All male mice, unless stated otherwise, were individually housed in cages with running wheels. Handling and activity measurements during experiments were performed as described79. Wheel-running activity was analyzed using ClockLab software (v6.0.52, Actimetrics). The last 10–14 days of each condition were used to determine the period (tau, calculated using a X2 periodogram and confirmed by fitting a line to the onsets of activity), the duration of the active period (alpha), the amount of activity and the subjective day/night activity ratio (where the subjective day under DD conditions is the inactive period between the offset of activity and the onset of activity and the subjective night is the active period between the onset of activity and the offset of activity).

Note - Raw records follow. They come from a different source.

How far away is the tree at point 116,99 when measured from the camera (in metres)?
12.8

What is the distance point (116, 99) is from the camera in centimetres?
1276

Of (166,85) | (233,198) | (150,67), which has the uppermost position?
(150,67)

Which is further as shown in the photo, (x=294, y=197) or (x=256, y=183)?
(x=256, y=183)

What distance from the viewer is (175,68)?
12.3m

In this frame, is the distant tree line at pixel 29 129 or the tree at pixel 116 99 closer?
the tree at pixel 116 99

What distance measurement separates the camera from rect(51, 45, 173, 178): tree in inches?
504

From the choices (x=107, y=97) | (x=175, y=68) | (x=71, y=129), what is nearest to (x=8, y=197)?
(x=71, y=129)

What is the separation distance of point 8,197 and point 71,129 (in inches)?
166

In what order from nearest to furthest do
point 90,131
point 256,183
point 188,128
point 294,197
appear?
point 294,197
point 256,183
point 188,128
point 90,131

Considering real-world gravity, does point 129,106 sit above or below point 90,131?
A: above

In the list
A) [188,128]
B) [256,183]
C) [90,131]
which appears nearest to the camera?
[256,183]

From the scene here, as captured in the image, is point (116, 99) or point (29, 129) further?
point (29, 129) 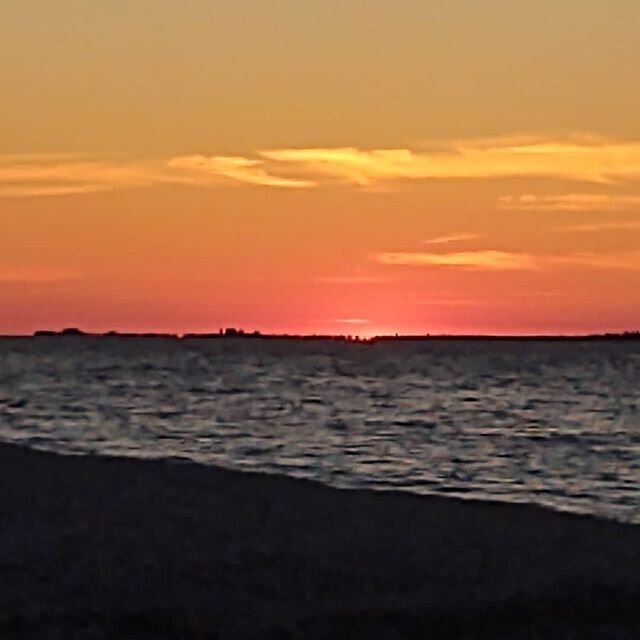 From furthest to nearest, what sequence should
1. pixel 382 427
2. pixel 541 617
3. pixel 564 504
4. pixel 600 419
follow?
pixel 600 419
pixel 382 427
pixel 564 504
pixel 541 617

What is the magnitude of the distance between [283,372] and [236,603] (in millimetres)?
107787

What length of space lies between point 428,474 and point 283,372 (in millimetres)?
86384

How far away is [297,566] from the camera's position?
63.6 feet

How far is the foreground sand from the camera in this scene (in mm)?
16391

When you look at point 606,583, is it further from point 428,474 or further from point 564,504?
→ point 428,474

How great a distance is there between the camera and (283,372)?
410 feet

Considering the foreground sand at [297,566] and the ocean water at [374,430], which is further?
the ocean water at [374,430]

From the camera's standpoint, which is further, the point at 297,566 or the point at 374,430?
the point at 374,430

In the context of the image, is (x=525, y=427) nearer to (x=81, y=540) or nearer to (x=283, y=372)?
(x=81, y=540)

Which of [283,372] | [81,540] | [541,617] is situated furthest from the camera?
[283,372]

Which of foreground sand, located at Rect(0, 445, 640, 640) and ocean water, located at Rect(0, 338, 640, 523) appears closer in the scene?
foreground sand, located at Rect(0, 445, 640, 640)

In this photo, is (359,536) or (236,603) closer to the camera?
(236,603)

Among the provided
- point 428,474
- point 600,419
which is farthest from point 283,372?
point 428,474

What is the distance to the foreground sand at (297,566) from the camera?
1639 centimetres
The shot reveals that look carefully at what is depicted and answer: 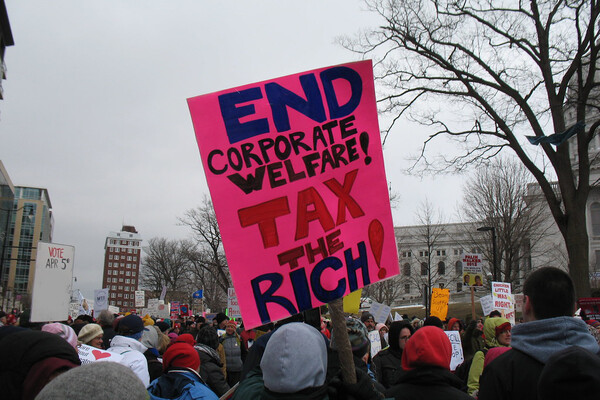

Light-dark (LD) and constant darkness (DD) conditions and fecal sample collection

Male Bmal1IEC-/- and their control littermates Bmal1IECfl/fl (n = 6/genotype) were maintained under LD cycle for 2 weeks (age 8–10 weeks), switched to a DD cycle for 2 more weeks (age 10–12 weeks), kept in constant light (LL) for an additional 2 weeks (age 12-14w) and finally returned back to LD till the age of 18–20 weeks before sacrifice. Average daily food intake was measured over 5 consecutive days in the second week of the above indicated light conditions. Of note, Fecal sample collection in darkness was performed after adjusting for each mouse’s individual free-running period (Supplementary Fig. 2A). For example, the activity period varied by ~0.5 hours per day within mice of the same genotype and consequently accumulates to a ~7-hour phase difference between individual mice after 2 weeks in DD. Fecal collection in LD was performed according to normal Zeitgeber time. Samples were collected every 3 hours over the course of a 24h-day (Fig. 1A, Supplementary Fig. 2A).

Food deprivation

Eleven-week-old Bmal1IEC-/- and control male mice (n = 11) with ad libitum food intake were used for fecal sample collection. At the age of 12-13 weeks, Bmal1IEC-/- mice (n = 12) and their control (n = 11) littermates were starved beginning at CT1 on the 1st day in DD. Fecal samples were collected as detailed above starting at CT13 on the 2nd day in DD (after 13 hours of starvation) till CT10 (after 34 hours of starvation) at the indicated time points (Fig. 2A).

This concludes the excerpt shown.